Kein automatisches Erlöschen der Betriebserlaubnis bei "Showbeleuchtung" eines Sattelzugs

Das Anbringen von 110 zusätzlichen LED-Leuchten mit gesondertem Stromkreis an einem Lastkraftwagen führt nicht zwingend dazu, dass die Betriebserlaubnis gemäß § 19 Abs. 2 Nr. 2 StVZO erlischt. Dies hat das Oberlandesgericht Zweibrücken in einem Bußgeldverfahren entschieden. Vielmehr müsse festgestellt werden, dass die Beleuchtung eine Gefährdung anderer Verkehrsteilnehmer erwarten lässt.
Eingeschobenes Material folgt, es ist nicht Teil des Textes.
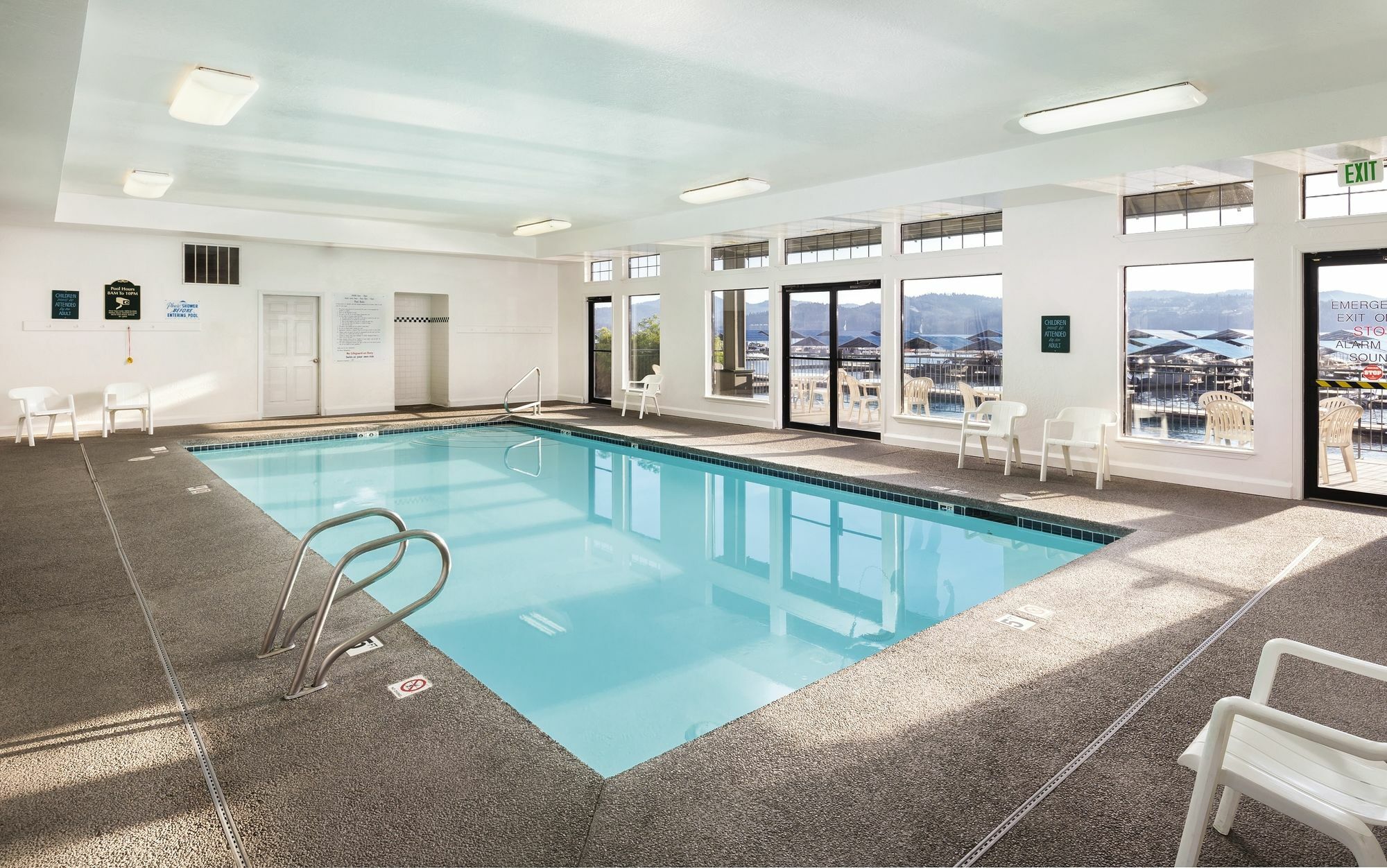 Worldmark Arrow Point Harrison Esterno foto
Bußgeld wegen "Showbeleuchtung" an Sattelzug verhängt

Der Betroffene hatte an seiner Sattelzugmaschine mehr als 110 zusätzliche LED-Leuchteinheiten – gesondert schaltbar durch einen eigenen Stromkreis – angebracht. Die Zusatzbeleuchtung diente der Verwendung des Fahrzeugs bei einer Showveranstaltung. Diese Beleuchtung war während einer Fahrt in den Abendstunden im September 2020 auf der BAB 6 eingeschaltet, weshalb die Polizei den Mann anhielt und kontrollierte. Da die Polizei davon ausging, dass die Betriebserlaubnis durch die Zusatzbeleuchtung erloschen war, leitete sie ein Bußgeldverfahren ein. Das Amtsgericht Landstuhl verurteilte den Fahrzeugführer daraufhin wegen der vorsätzlichen Inbetriebnahme eines LKW trotz erloschener Betriebserlaubnis zu einer Geldbuße von 360 Euro. Dagegen legte der Betroffene Rechtsbeschwerde ein.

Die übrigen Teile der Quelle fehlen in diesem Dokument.